In [1]:
""" Ingest data on Google Earth Engine
-------------------------------------------------------------------------------
This notebook will upload the geotiff files from the Google Cloud Storage to
the WRI/aqueduct earthengine bucket. 

Requirements:
    Authorize earthengine by running in your terminal: earthengine 
                                                       authenticate

    you need to have access to the WRI-Aquaduct (yep a Google employee made a
    typo) bucket to ingest the data.

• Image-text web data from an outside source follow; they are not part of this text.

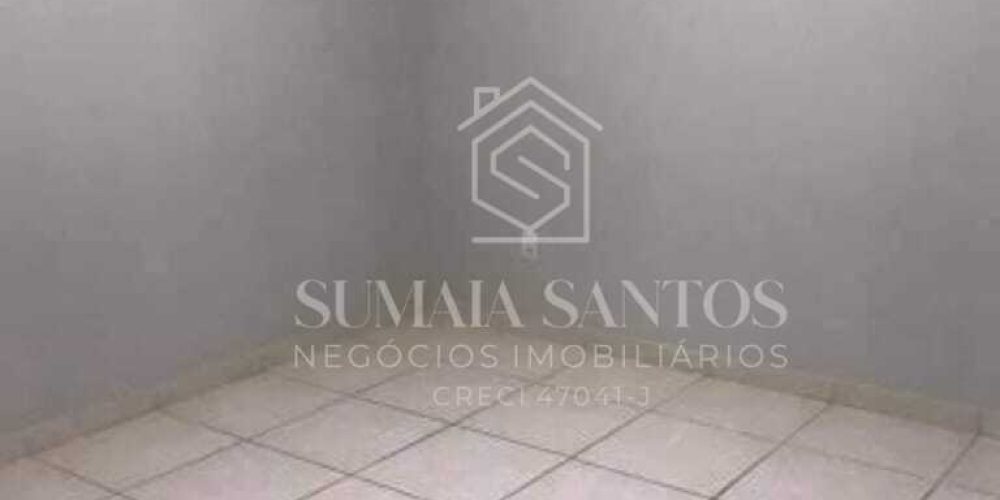 WhatsApp Image 2025-09-05 at 11.31.58 (3)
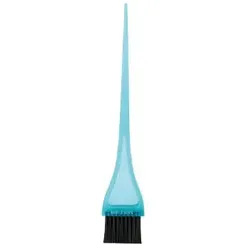 Beter Tinting Brush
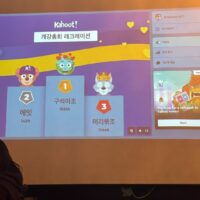 KakaoTalk_20250407_191816927_04.jpg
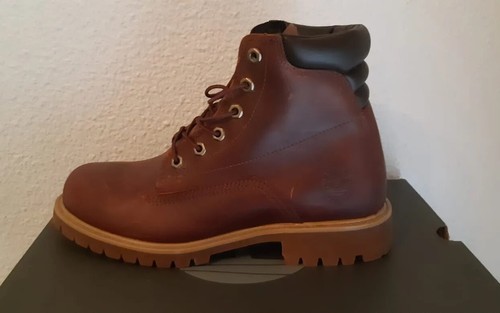 Chaussures timberland - timberland, tb
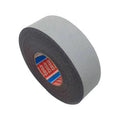 50mm X 25m Roller Tesa 4863 Non-slip Silicone Coated Anti-skid Tapes on Wrapping Tape
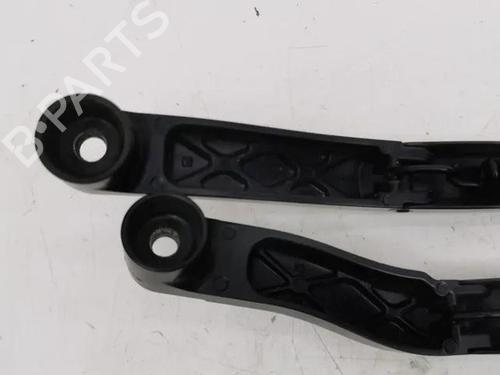 Front wipers mechanism OPEL INSIGNIA B Sports Tourer (Z18) 1.6 CDTi (35) | BP28865270C83 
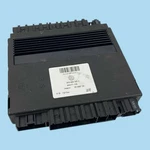 Oem Left Seat Control Module 3D0959760C 06-12 Bentley Continental Flying Spur. Fixed Price $69.95.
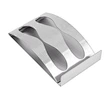 Toothbrush Holder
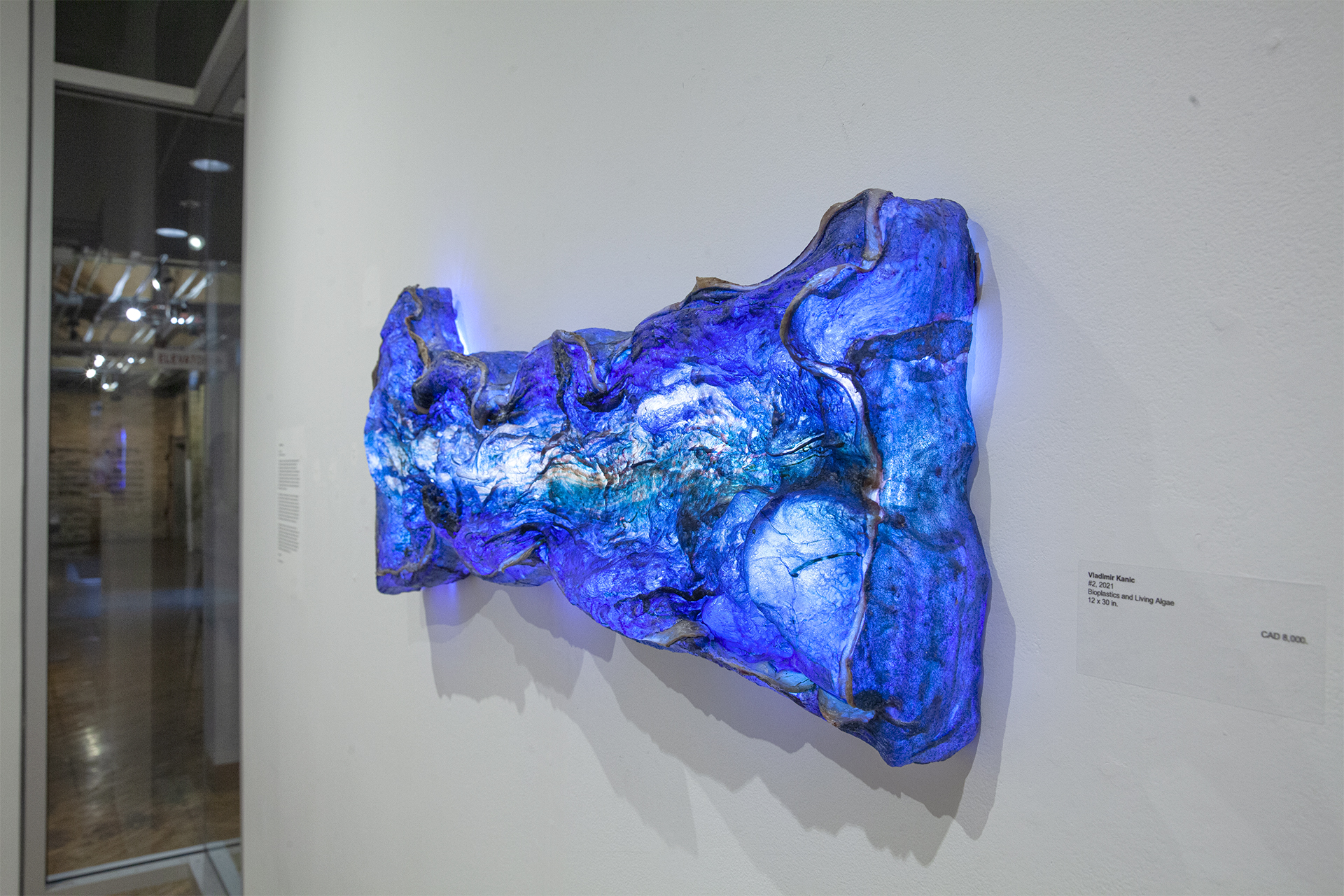 The Book of Waves Pt2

Rutger can grant access to write to this 
    folder. 

    Have access to the Google Cloud Storage Bucker

Make sure to set the project to Aqueduct30 by running
`gcloud config set project aqueduct30`

Code follows the Google for Python Styleguide. Exception are the scripts that 
use earth engine since this is camelCase instead of underscore.

Author: Rutger Hofste
Date: 20170802
Kernel: python27
Docker: rutgerhofste/gisdocker:ubuntu16.04

Args:    
    TESTING (Boolean) : Toggle Testing Mode.
    OVERWRITE (Boolean) : Overwrite old folder !CAUTION!
    SCRIPT_NAME (string) : Script name.
    GCS_BASE (string) : Google Cloud Storage namespace.
    EE_BASE (string) : Earth Engine folder to store the imageCollections
    OUTPUT_FILE_NAME (string) : File Name for a csv file containing the failed tasks. 
    S3_OUTPUT_PATH (string) : Amazon S3 Output path.

Returns:


"""

# Input Parameters

TESTING = 1
OVERWRITE = 1 # !CAUTION!
SCRIPT_NAME = "Y2017M08D02_RH_Ingest_GCS_EE_V02"
GCS_BASE = "gs://aqueduct30_v01/Y2017M08D02_RH_Upload_to_GoogleCS_V02/"
EE_BASE = "projects/WRI-Aquaduct/PCRGlobWB20V08"
OUTPUT_FILE_NAME = "df_errorsV01.csv"
S3_OUTPUT_PATH = "s3://wri-projects/Aqueduct30/processData/{}/output".format(SCRIPT_NAME)

# Output Parameters


In [2]:
import time, datetime, sys
dateString = time.strftime("Y%YM%mD%d")
timeString = time.strftime("UTC %H:%M")
start = datetime.datetime.now()
print(dateString,timeString)
sys.version

('Y2018M04D05', 'UTC 11:56')


'2.7.14 |Anaconda, Inc.| (default, Dec  7 2017, 17:05:42) \n[GCC 7.2.0]'

In [8]:
# Imports
import subprocess
import datetime
import os
import time
import re
import pandas as pd
from datetime import timedelta
import aqueduct3

In [9]:
# ETL

ec2_output_path = "/volumes/data/{}/output".format(SCRIPT_NAME)

if OVERWRITE:
    command = "earthengine rm -r {}".format(EE_BASE)
    print(command)
    subprocess.check_output(command,shell=True)

command = "earthengine create folder {}".format(EE_BASE)
print(command)
subprocess.check_output(command,shell=True)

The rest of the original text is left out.